All About Viruses and Bacteria

Koch's Postulate's

Robert Koch
   Koch's postulates were designed by Robert Koch to isolate and see if a specific organism is causing a disease or sickness. Koch's postulate is a four step process that is used by scientist today. The first step is to isolate the virus for an infected person or animal. The sample of the bacteria must be pure. It can not be contaminated or this will affect the results. The second step is to smear the pure bacteria on a Petri dish and culture it. It will grow a pure colony of this bacterium. If the bacteria sample was not pure, the resulting culture of bacteria will also not be pure and contain other bacteria that may or may not be the cause of the illness.

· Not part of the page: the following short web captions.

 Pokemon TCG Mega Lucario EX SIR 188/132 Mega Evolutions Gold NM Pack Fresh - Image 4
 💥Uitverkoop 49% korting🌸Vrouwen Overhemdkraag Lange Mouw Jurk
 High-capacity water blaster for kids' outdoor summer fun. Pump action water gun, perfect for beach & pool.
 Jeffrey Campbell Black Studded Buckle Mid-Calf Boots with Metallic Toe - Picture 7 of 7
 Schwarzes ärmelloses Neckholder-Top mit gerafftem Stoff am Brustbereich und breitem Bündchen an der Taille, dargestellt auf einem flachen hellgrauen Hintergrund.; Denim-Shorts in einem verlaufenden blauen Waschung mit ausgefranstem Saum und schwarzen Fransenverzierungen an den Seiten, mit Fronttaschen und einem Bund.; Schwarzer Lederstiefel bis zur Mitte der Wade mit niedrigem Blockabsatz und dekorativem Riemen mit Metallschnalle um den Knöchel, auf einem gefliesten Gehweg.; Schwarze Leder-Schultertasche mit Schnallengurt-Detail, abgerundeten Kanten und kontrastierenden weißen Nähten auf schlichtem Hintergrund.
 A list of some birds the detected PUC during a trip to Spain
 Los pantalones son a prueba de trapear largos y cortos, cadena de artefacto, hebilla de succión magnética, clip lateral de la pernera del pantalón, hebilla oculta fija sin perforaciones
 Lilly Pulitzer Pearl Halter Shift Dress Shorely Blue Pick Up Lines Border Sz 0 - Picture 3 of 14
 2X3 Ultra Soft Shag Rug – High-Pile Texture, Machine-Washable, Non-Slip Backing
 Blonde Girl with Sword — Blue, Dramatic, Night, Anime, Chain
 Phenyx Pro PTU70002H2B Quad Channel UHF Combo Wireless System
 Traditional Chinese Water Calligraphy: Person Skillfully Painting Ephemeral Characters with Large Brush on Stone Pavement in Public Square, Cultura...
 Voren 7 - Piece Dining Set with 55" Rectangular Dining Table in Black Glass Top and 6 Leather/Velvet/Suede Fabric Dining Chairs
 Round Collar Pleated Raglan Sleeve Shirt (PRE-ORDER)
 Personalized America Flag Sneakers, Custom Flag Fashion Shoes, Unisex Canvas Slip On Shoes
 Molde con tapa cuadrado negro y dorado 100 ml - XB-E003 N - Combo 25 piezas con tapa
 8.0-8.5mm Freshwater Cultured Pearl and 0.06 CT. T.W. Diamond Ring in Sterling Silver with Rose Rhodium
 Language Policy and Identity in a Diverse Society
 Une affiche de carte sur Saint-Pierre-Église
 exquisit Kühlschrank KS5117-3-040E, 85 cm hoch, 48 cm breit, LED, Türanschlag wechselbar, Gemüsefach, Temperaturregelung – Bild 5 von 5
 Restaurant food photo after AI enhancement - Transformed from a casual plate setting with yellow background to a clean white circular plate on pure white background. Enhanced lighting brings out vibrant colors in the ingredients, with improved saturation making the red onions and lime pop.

The third step is to take the newly grown bacteria and inject it into a healthy animal like a rat to see if it produces the same illness it did in the original case of the illness. If it does then you may have the right bacteria and you move onto step four, if it does not, you either have the wrong bacteria and you should still move onto step four, or you have an animal that is not affected by this illness. If it is not affected you need a different test subject for the pure culture of bacteria. Now in step four you re-isolate the bacteria you injected into the rat or other animal. This step is done to see if the bacteria you injected are still the same one that is causing the sickness. It could have change or it could be different bacteria the animal already had that caused the sickness. This process helps scientist find out what is making a group of animals or a group of people sick. If they find this information out they can find a cure. This process though is not helpful in finding a bacteria or pathogen that causes a chronic or minor illness. This process was designed to be used on acute diseases.